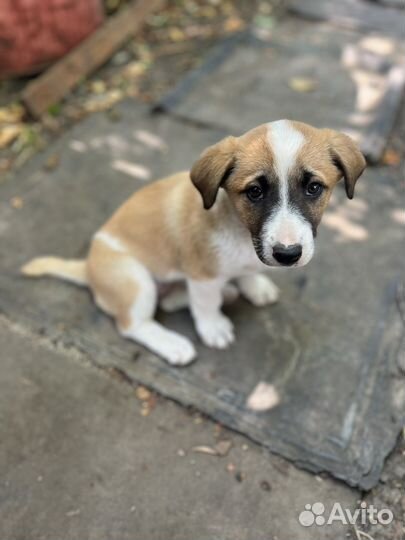 Щенки дворняжки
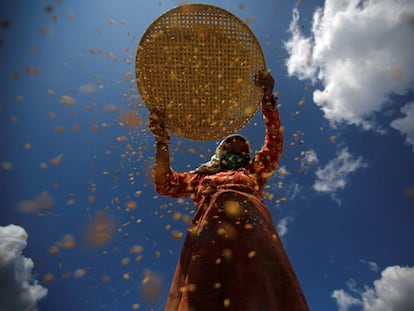 Una mujer nepalí separando el arroz de su cubierta.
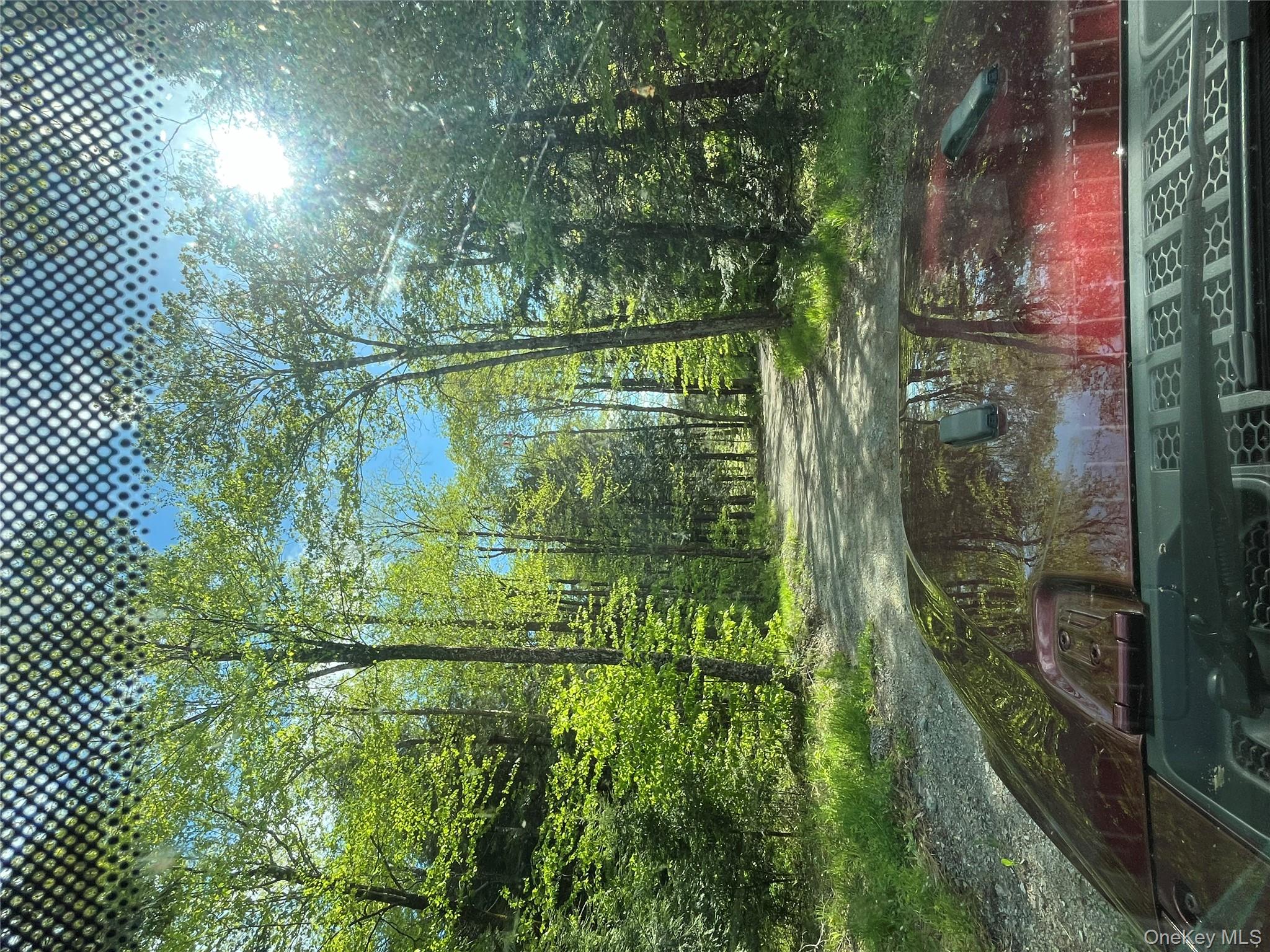 47 Eagles Ridge Way, Parksville, NY 12768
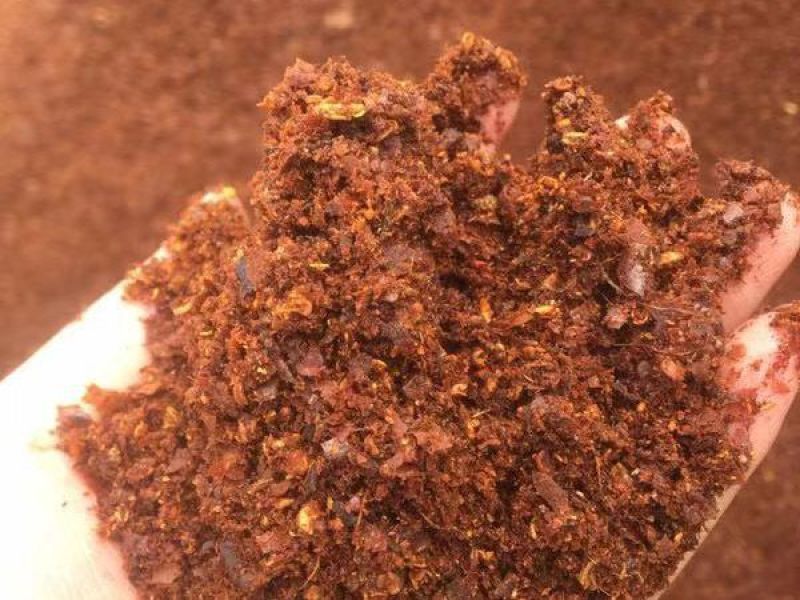 辣椒油渣，蛋白13脂肪20价格公道，品质可靠！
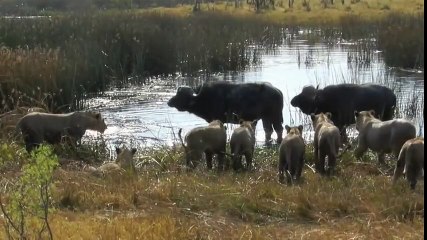 Lions kill Cape Buffalo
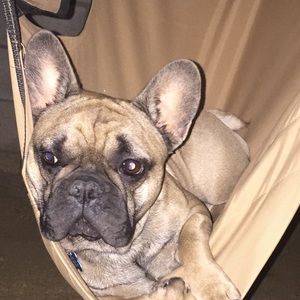 Meet your Posher, Andrea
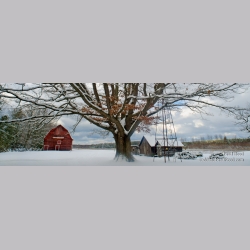 Snowy Oak - Panoramic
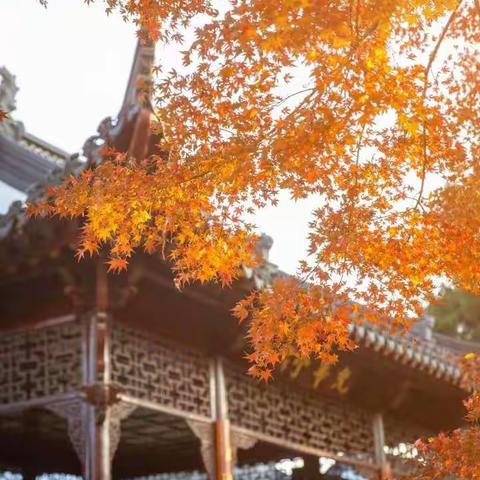 恒信外国语学校2022-2023学年第一学期第十一周6.2班学习生活纪实
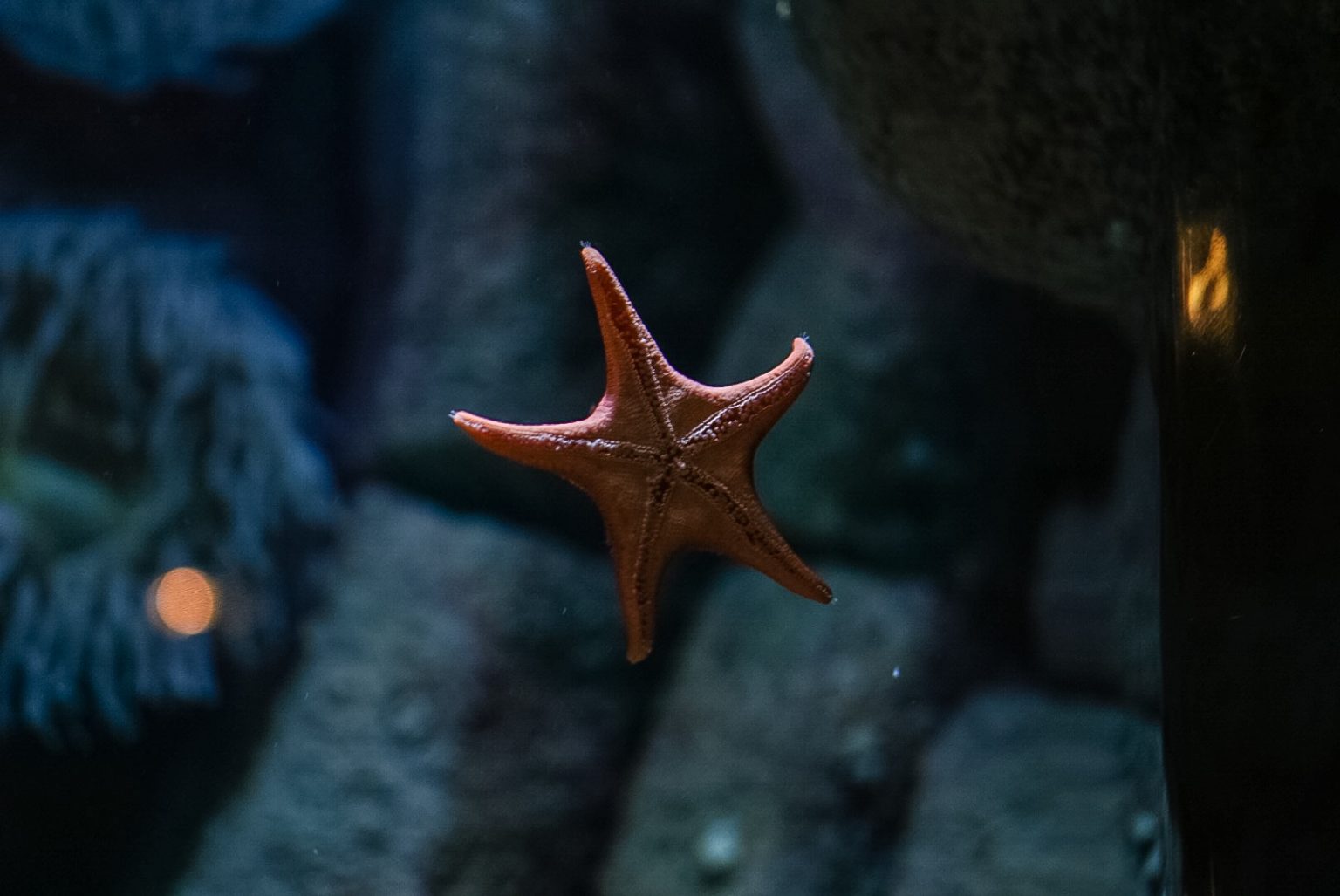 Starfish at the Monterey Bay Aquarium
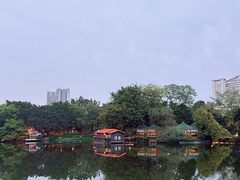 -荔湾湖公园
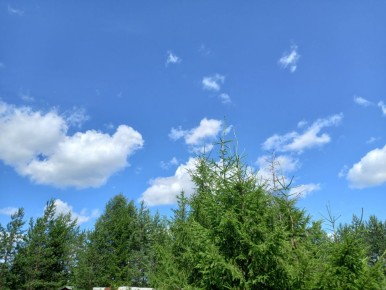 ��� ����� ���������� �� ����: �����, ������ � ������� ������������ ����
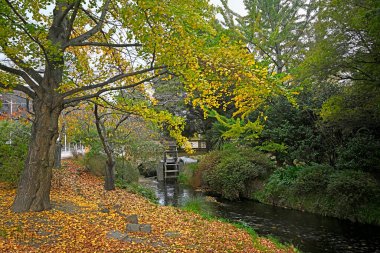 Avon Nehri ve Sonbahar Yaprakları Oxford Terası boyunca Orta Christchurch, Yeni Zelanda 'da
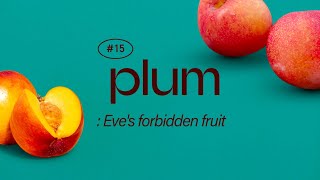 Plum Eves forbidden fruits [upl. by Ellennad664]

Try it :: Transcribe all of the data above exactly; no picture belongs in the copy.

Finished exercise ::
 Щенки дворняжки
 Una mujer nepalí separando el arroz de su cubierta.
 47 Eagles Ridge Way, Parksville, NY 12768
 辣椒油渣，蛋白13脂肪20价格公道，品质可靠！
 Lions kill Cape Buffalo
 Meet your Posher, Andrea
 Snowy Oak - Panoramic
 恒信外国语学校2022-2023学年第一学期第十一周6.2班学习生活纪实
 Starfish at the Monterey Bay Aquarium
 -荔湾湖公园
 ��� ����� ���������� �� ����: �����, ������ � ������� ������������ ����
 Avon Nehri ve Sonbahar Yaprakları Oxford Terası boyunca Orta Christchurch, Yeni Zelanda 'da
 Plum Eves forbidden fruits [upl. by Ellennad664]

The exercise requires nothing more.